But the absolute effect of the things that the parties had done in connection with the transfer of the securities and the payment of the money left Newman without any semblance of legal right to withdraw the $100,000 or any part of it, without authority from the board of directors, for his personal use. His contention that the $100,000 was "my money" is mere bald assertion. As between the seller and the purchaser, it was paid over as part of the consideration for the transfer of the bonds, notes and stock. As against the newspaper corporation, it was in law a payment for the 500 new shares of stock, which were issued to and accepted by the purchaser. If it was agreed between the seller and the purchaser, with the newspaper corporation's consent, that the transaction was to remain subject to the performance of the condition that an assignment of the International Paper account should be furnished, then the condition may have been converted into a condition subsequent, and the situation may have been left sufficiently open so that the purchaser would have had a right to rescind.

But that does not help the situation here, for Schapiro neither attempted nor wanted to rescind.
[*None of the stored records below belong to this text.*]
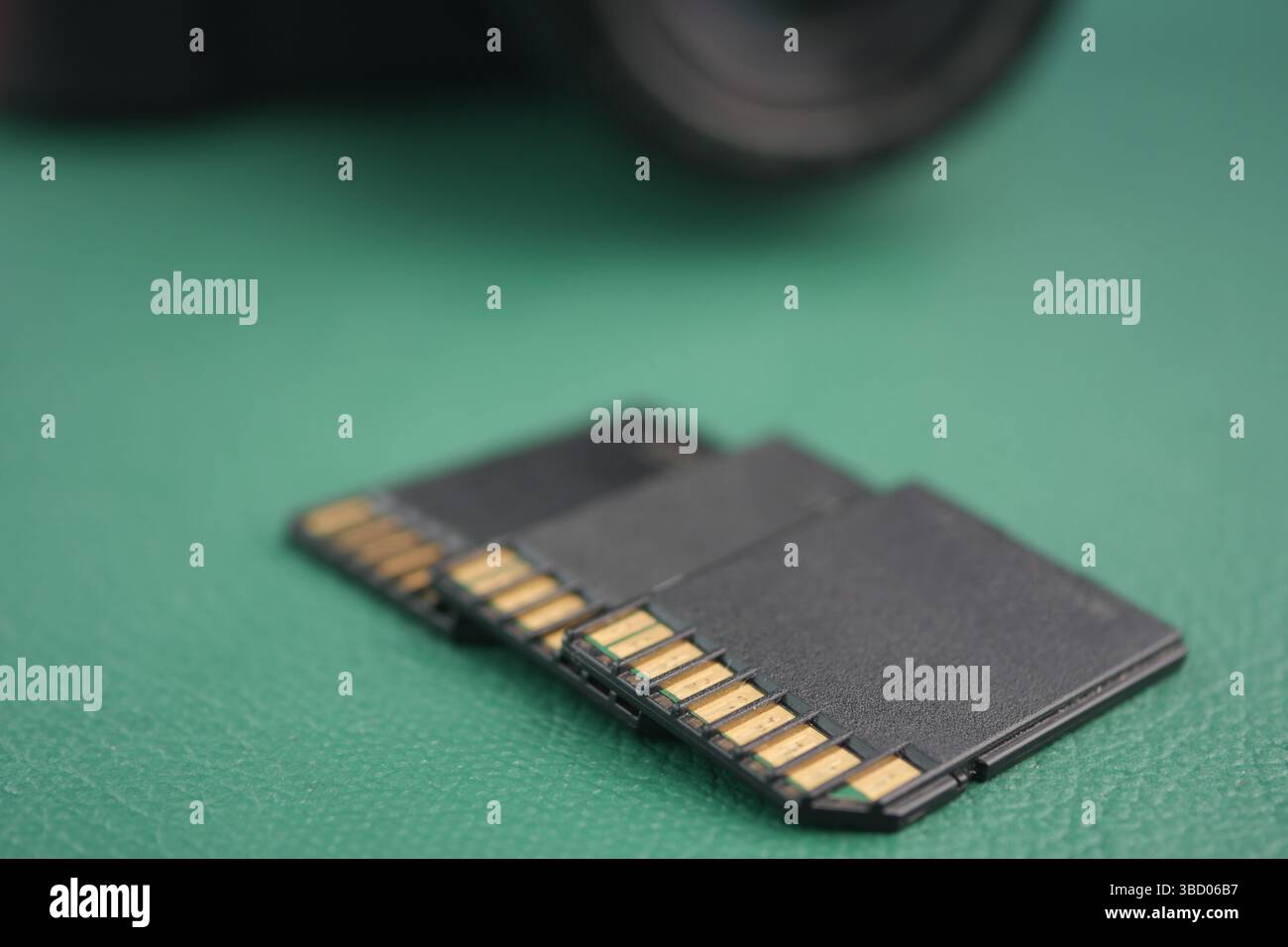 Multiple memory cards displayed on a green surface Stock Photo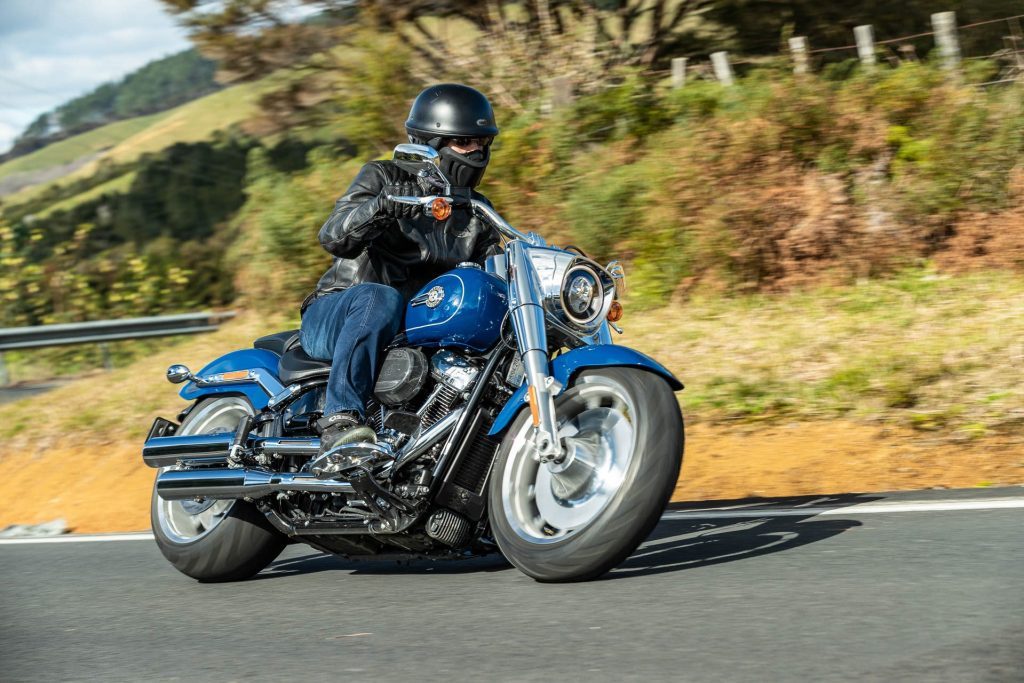 Harley-Davidson Fat Boy 114 takes a corner, close up, in blue and chrome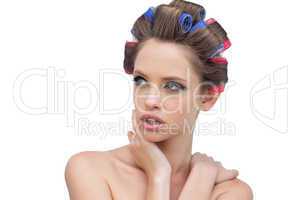 Seductive lady in hair rollers posing and looking away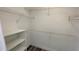 Spacious walk-in closet with ample shelving, providing optimal storage solutions at 5526 G Nw Ave # 4915, Orlando, FL 32815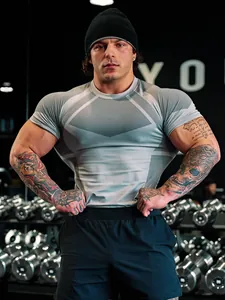 Detailed shot of grey men's compression t-shirt showing muscle fit and mesh design.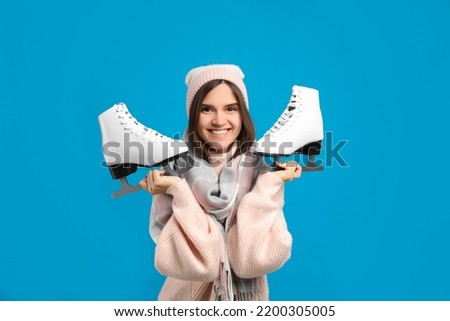 Happy woman with ice skates on light blue background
He did not see fit to let loose of his profit-making opportunity on the bonds, but brought foreclosure upon them instead, and, on the basis of his foreclosure-sale bid, apparently stood to make a profit of at least $50,000 above the $200,000 total purchase-price investment. And, of course, if the transaction had been thus rescinded, the 500 shares of stock issued for the $100,000, which Newman and Schapiro retained, would have had to be surrendered to the newspaper corporation.
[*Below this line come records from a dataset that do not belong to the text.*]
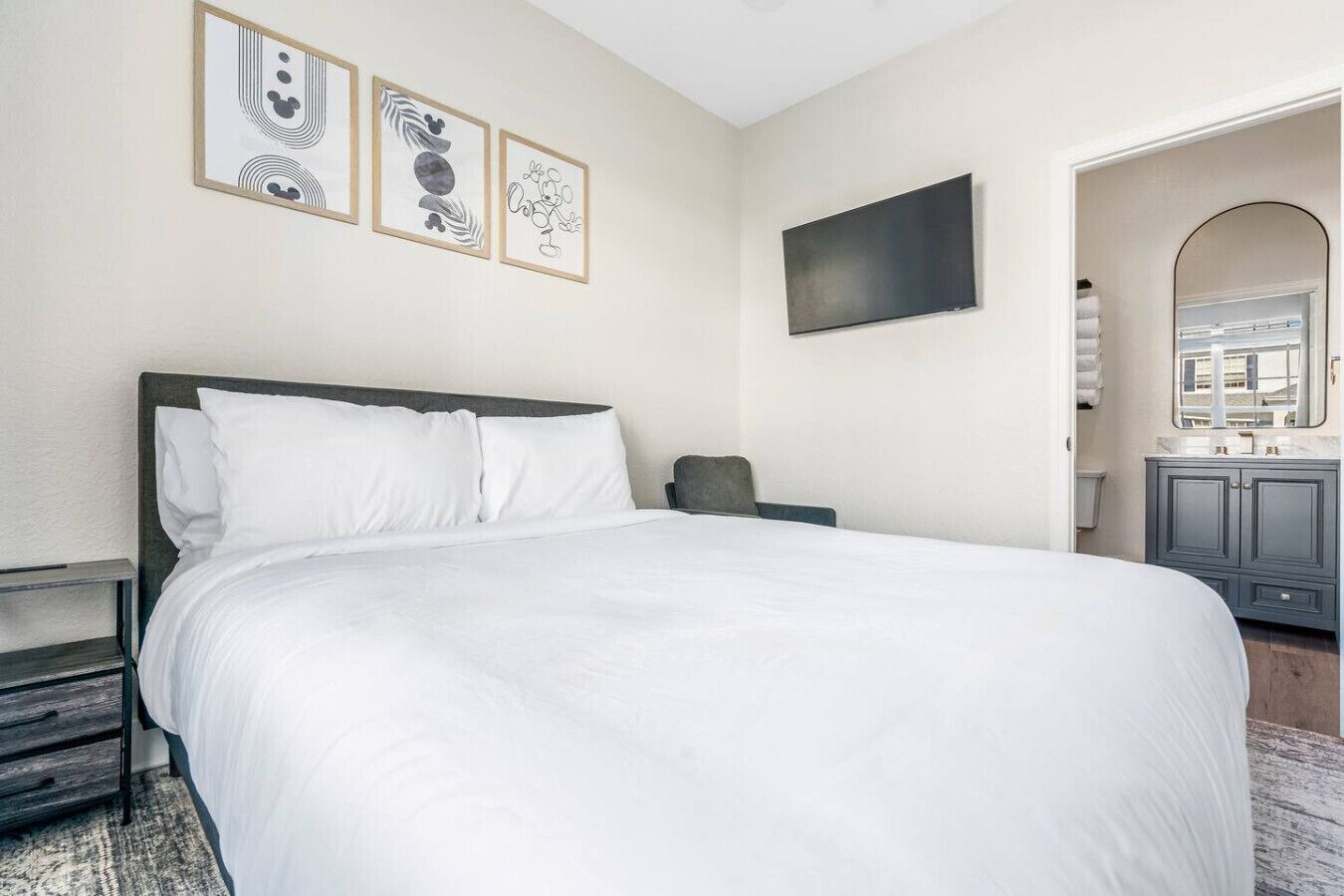 A neatly made bed with white linens in a room with a gray headboard. There are three framed artworks on the wall above the bed.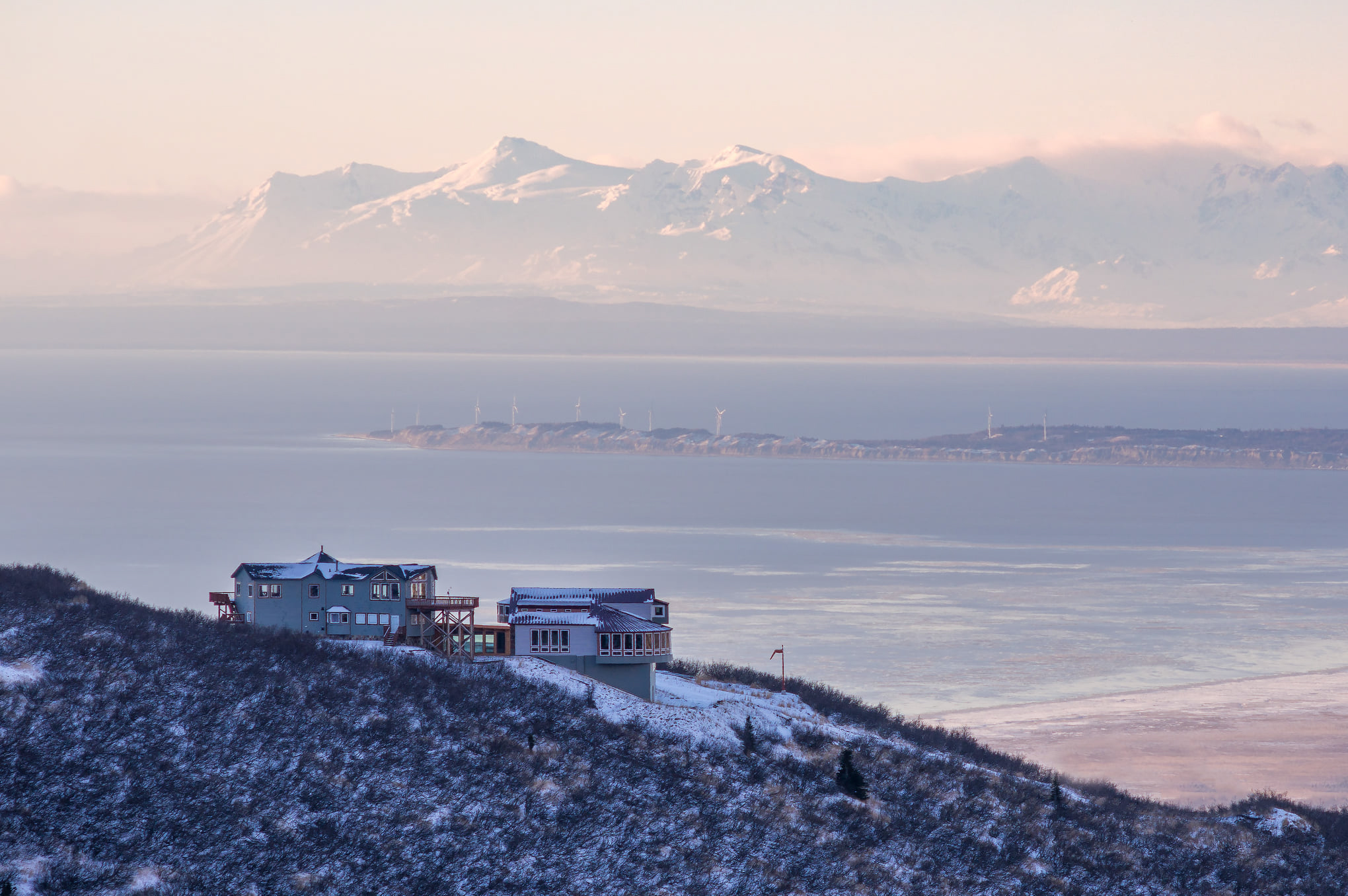 A modern home rests on a mountain ridge in winter.  The ocean and alpine mountains sit in the background.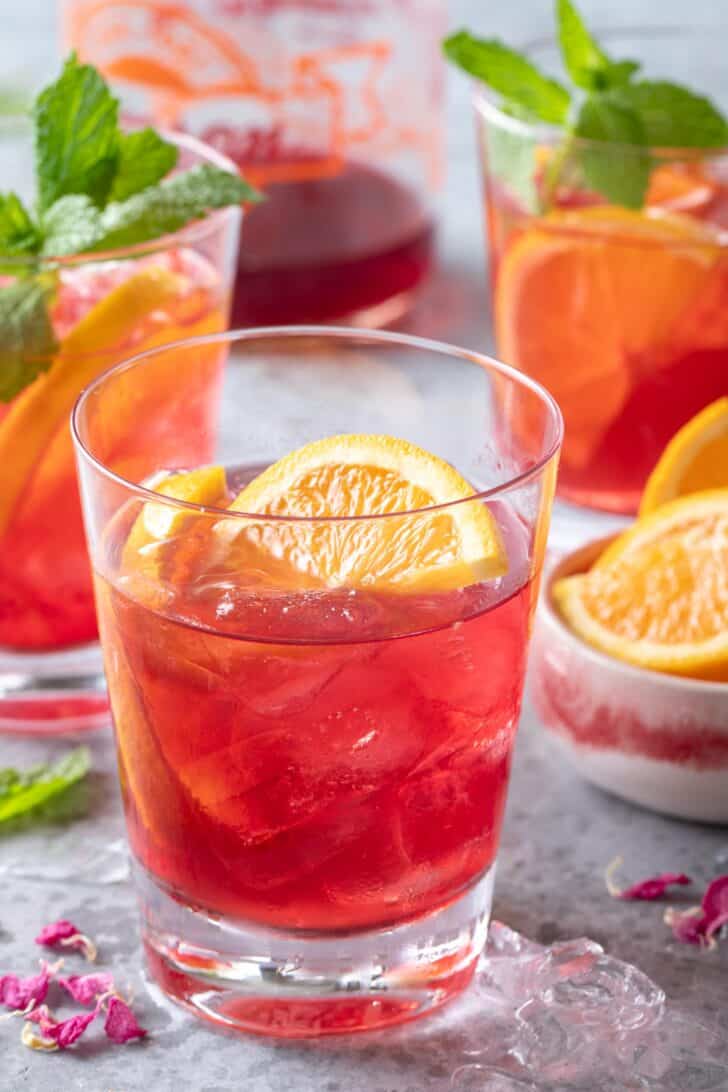 Three clear drinking glasses filled with a fruit juice drink with orange slices. 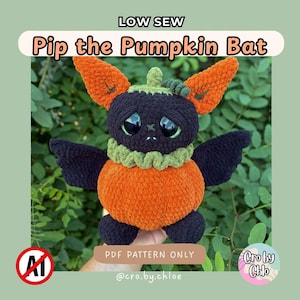 May include: A crochet plush toy shaped like a bat with a pumpkin body, featuring large black eyes, orange ears, and a green collar. The text reads LOW SEW, Pip the Pumpkin Bat, PDF PATTERN ONLY, and cro.by.chloe. The toy has a dark head and wings.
But, beyond this, there is another element also in the situation which, apart from what has been said, makes Newman's contention that the money was his to do with as he pleased utterly devoid of any legal foundation. If the General Properties transaction still remained open and the $100,000 was to be held until the International Paper assignment was delivered, it clearly was the newspaper corporation that was to hold the funds and not Newman. The $100,000 cashier's check admittedly was turned over to the newspaper corporation, and so was placed legally under the control of the corporation's board of directors, for the doing of whatever the corporation was supposed to do with the funds. The cashier's check never came into Newman's hands as an individual but only as president of the corporation. His only authority to deal with it was acquired from the board of directors. That authority, on the record, was to deposit the check to the account of the corporation, with the right to draw checks on it as president, for the uses of the corporation. He never received authority from the board of directors to withdraw any part of the money to buy property or pay off mortgages or for any other personal purposes.
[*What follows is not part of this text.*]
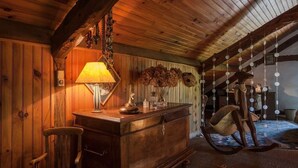 A cozy attic room with wooden beams, a wooden dresser, a rocking chair, and hanging decorations.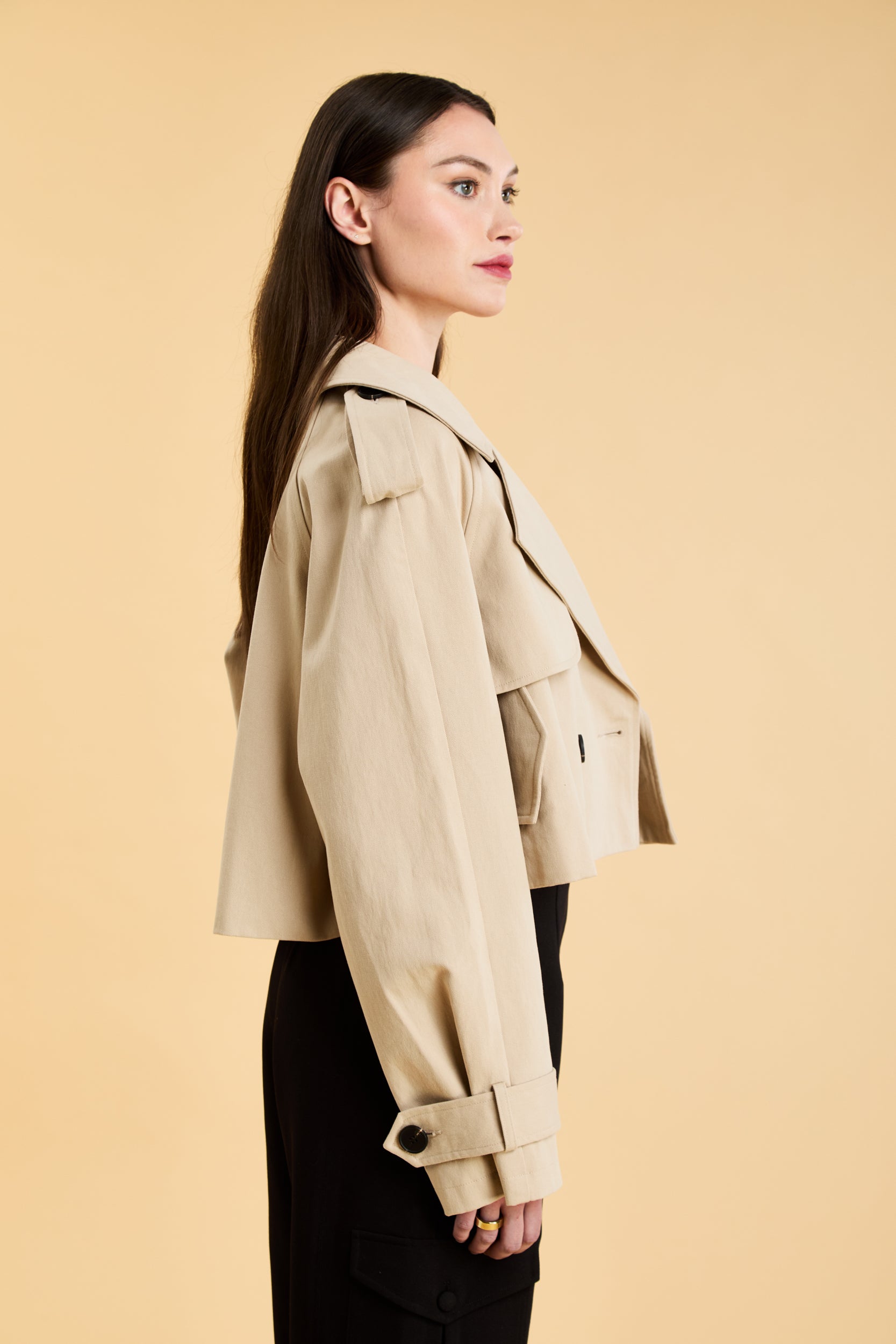 Woman wearing a beige cropped trench coat jacket in stone color against a beige background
The testimony in the record that Newman at all times insisted that the money "ought (not) to be used for the benefit of the company until the International Company assignment was delivered" or that it "was and wouldn't be available from his point of view until the International Paper account was assigned", or that it "would not be used until those things were taken care of," could therefore not possibly affect the clear legal absoluteness of the situation, that, whatever was to be done with the funds, whether they were to be held, returned, or used, it was the board of directors that had that authority and not Newman. The only authority the board of directors had given Newman, as already stated, was to use the funds for corporate purposes; he had no authority to make a withdrawal for any other purpose. Except as a use of them might be made for corporate purposes, the funds legally belonged in the corporation's bank account and not in Newman's pocket or in Newman's land. Except for the fact that Newman was president of the corporation, he would not have been able to have gotten his hands upon the funds. Placing his hands upon them for the purpose which he did was a clear legal abuse of the functions of his office. He cannot assert that he had any colorable right against the corporation, by this abuse of his office, to take the law and the money into his own hands for the purpose of personally adjusting or protecting himself in any grievance he might have against General Properties. The money legally belonged in the treasury of the corporation, still belongs there, and the trustee is entitled to have it restored. His contention that he is an adverse claimant does not, under these circumstances, in law present "some fair doubt and reasonable room for controversy," but is a mere pretense and utterly without any legal justification.

Incidentally Schapiro's attorney testified that: "I left a check for $100,000 endorsed to the Kansas City Journal-Post Company, and couldn't imagine it going any place other than to the credit of the Kansas City Journal-Post Company."

Whether Newman actually could have any legal grievance in the situation, in view of the fact that he had assigned the contract to Schapiro, that he admitted Schapiro was the one who was to have the assignment of the International Paper account, and that the evidence showed that Schapiro never had agreed to cancel, and had no intention to cancel, the account as against the newspaper corporation, there is, of course, no occasion for us to discuss.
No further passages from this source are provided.